Love this smooth jazz. Very atmospheric track! Nice voice and simple effective arrangement!
Feels like we really are in a jazz club. Oh, and cool name too!


----------



## Tatiana Gordeeva (Jun 26, 2021)

*Sassy *is very pleased by your warm response and wishes to thank everyone for listening and liking this track!

She released two SoundCloud versions for those of you who prefer the audio only version:

The LIVE version



and a *_new* _STUDIO version


without the usual noises present in a jazz club. 

Tatiana for
_*Sassy Loungerie*_
❤️ 💘 ❤️ ​


----------



## Gerald (Jun 27, 2021)

Hi Tatiana, as always à nice work! I love your trio piano, bass and drums


----------



## Reid Rosefelt (Jun 28, 2021)

Sassy is as Sassy does. 

I'm just curious: what are the names of the musicians in Sassy's band? 

And by any chance was this recorded at the famed "Sassafras" jazz club in Montreal? 

Nicely done as always, TaG.


----------



## Tatiana Gordeeva (Jun 28, 2021)

Thank you all for your nice comments!! *Sassy* is very pleased! 🥰 ❤️


TigerTheFrog said:


> Sassy is as Sassy does.
> I'm just curious: what are the names of the musicians in Sassy's band?
> And by any chance was this recorded at the famed "Sassafras" jazz club in Montreal?
> Nicely done as always, TaG.


Haha! Actually later I will be posting a "making of" of the track, giving some tech details, line-up and location info. Stay tuned...


----------



## Soundiron Team (Jun 28, 2021)

Excellent work as always Tatiana!


----------



## el-bo (Jun 28, 2021)

Really love the live version. Those moments where mic technique are used are uncannily real. Is that an automatic feature of the library, or are you automating those parts?


----------



## Tatiana Gordeeva (Jun 28, 2021)

TigerTheFrog said:


> Sassy is as Sassy does.
> I'm just curious: what are the names of the musicians in Sassy's band?
> And by any chance was this recorded at the famed "Sassafras" jazz club in Montreal?
> Nicely done as always, TaG.


Thanks Reid! Here's the info you requested:

The _*Sassy's Awesome Foursome* _band is composed of 

Piano - Tony de Peltrie
Bass - Justin Tufingerz
Drums - Lyle "Sticky" Drumrboi

and, of course, the (in)famous, *Sassy Loungerie *(vocals).

Track recorded "live" at _*Le Uptairs *_*jazz club*, where _nothing is really as it looks. _ Montreal (June 2021)





Upstairs Jazz Bar And Grill Montreal is a painting by Carole Spandau

More details later as I will post "The Making Of" to answer some lingering questions...


----------



## Reid Rosefelt (Jun 28, 2021)

Tony de Peltrie is a legend.

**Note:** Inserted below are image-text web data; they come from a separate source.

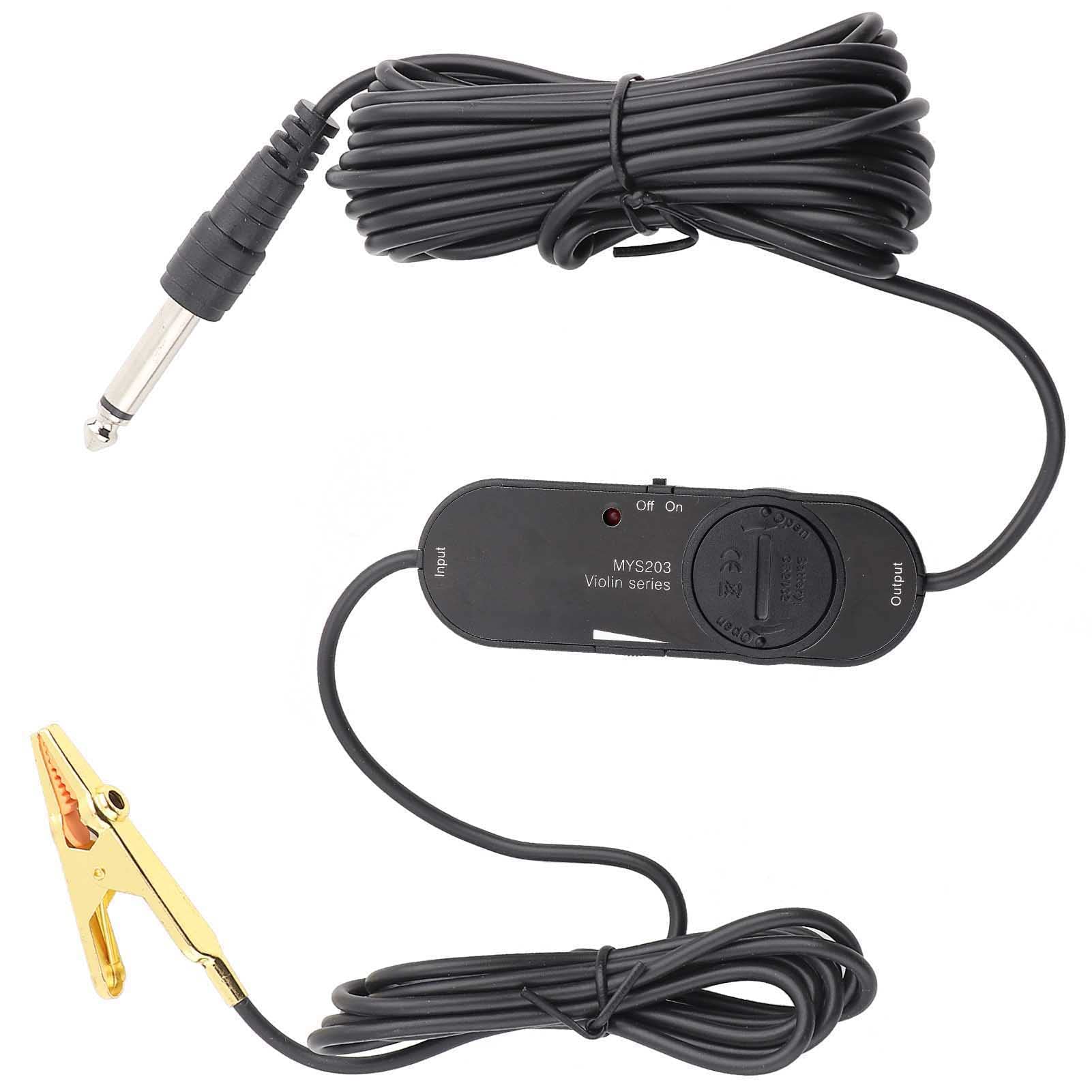 VGEBY MIC Violin Pickup, Professional Adjustable Volume Electric Violin Pick Up Musical Instrument Accessory, VGEBYRNHAK67CMO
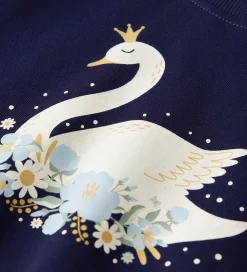 Sweatshirt - NmfVenus - Beacon Blue/Princess Swan|Name It Sale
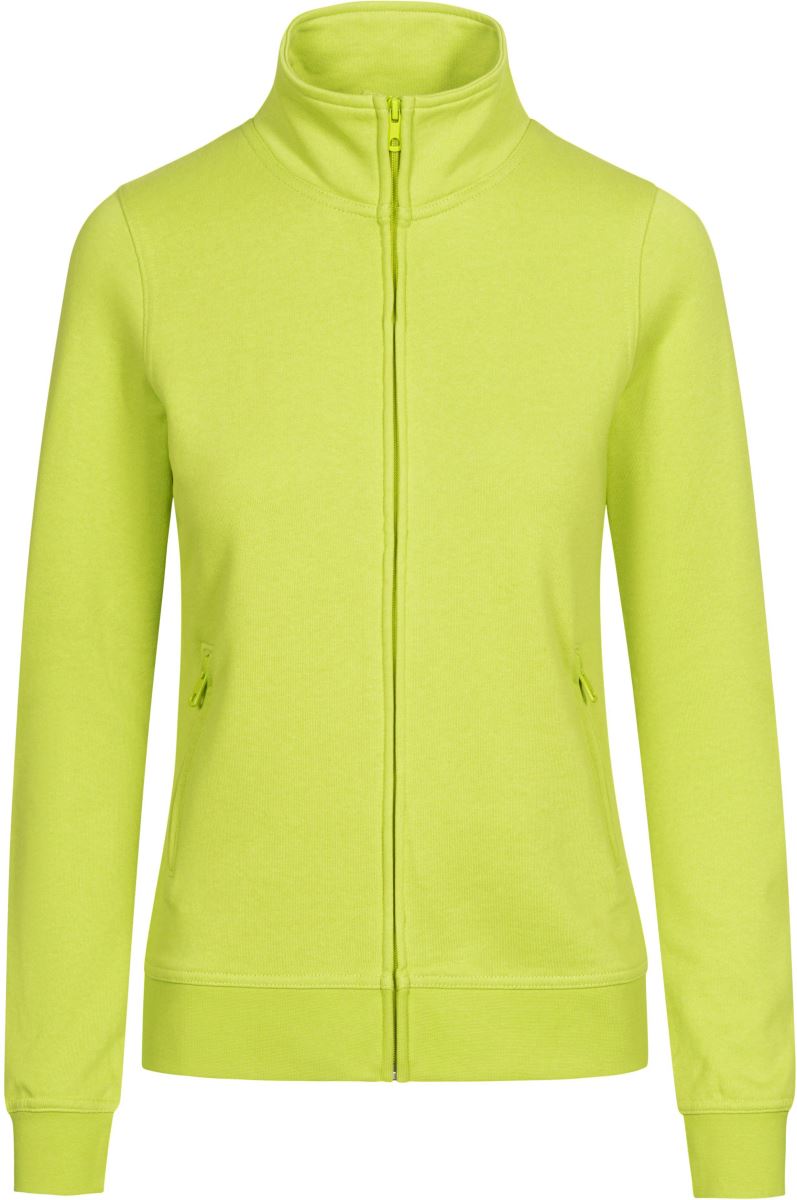 Levně Dámská pracovní mikina - EXCD - apple green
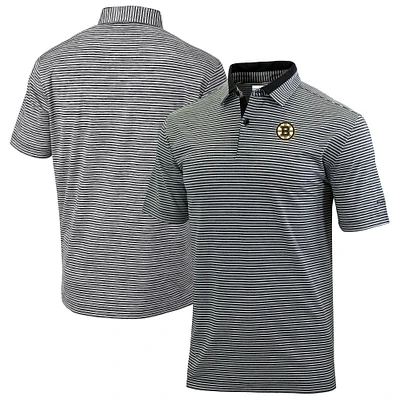 Men's Columbia Boston Bruins Golden Hills Omni-Wick Polo
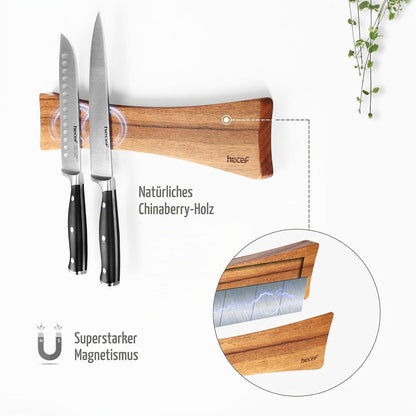 Magnetmesserleiste Holz – Schmetterlingsflügel Design 40cm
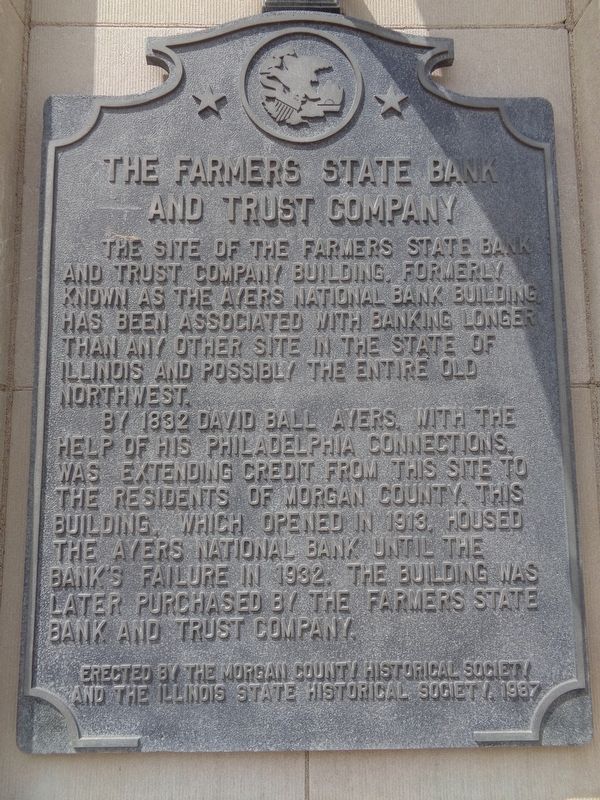 The Farmers State Bank and Trust Company Marker image. Click for full size.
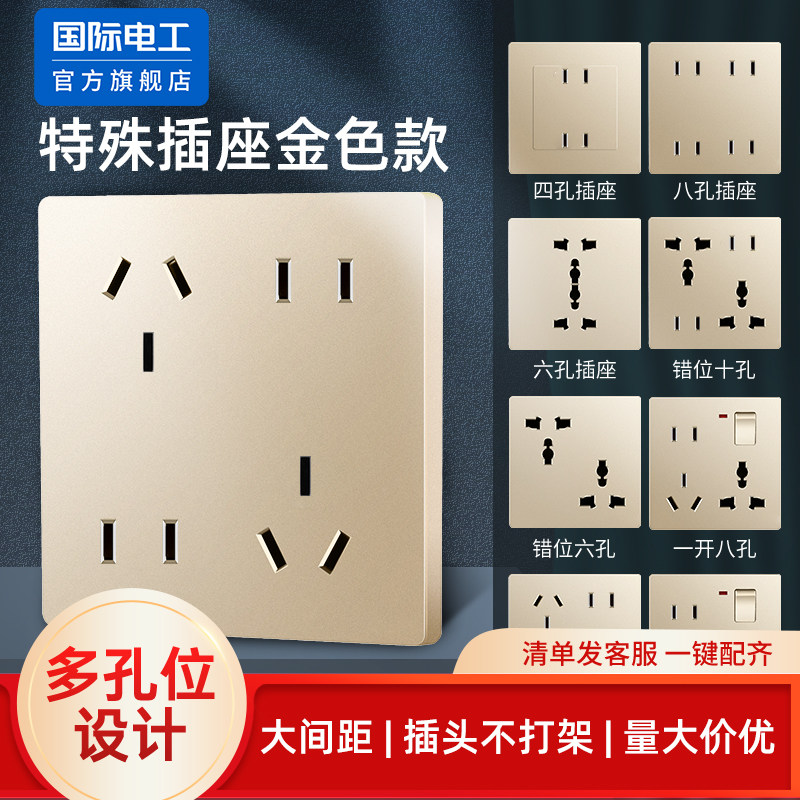 国际电工10A86型多孔插座图片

It's a real coup that Sassy got him for this!


----------



## Tatiana Gordeeva (Jun 28, 2021)

Hoohoo! 500+ views. THANK YOU! As promised here's The Making of Sassy...

First, for those of you who have asked me privately the question "is it a _real _live recording? The answer is: *absolutely*... _maybe..._ 

Seriously, here's the breakdown of how I made this track.

The voice you hear is _really _*Connie Doolan*'s, as sampled by Soundiron in their new library _*Voice of Wind: Connie*._ In this library Connie sings in different genres or styles, some phrases sound more "ethno-world" others are more pop, folk, blues or jazzy. There are so many possibilities!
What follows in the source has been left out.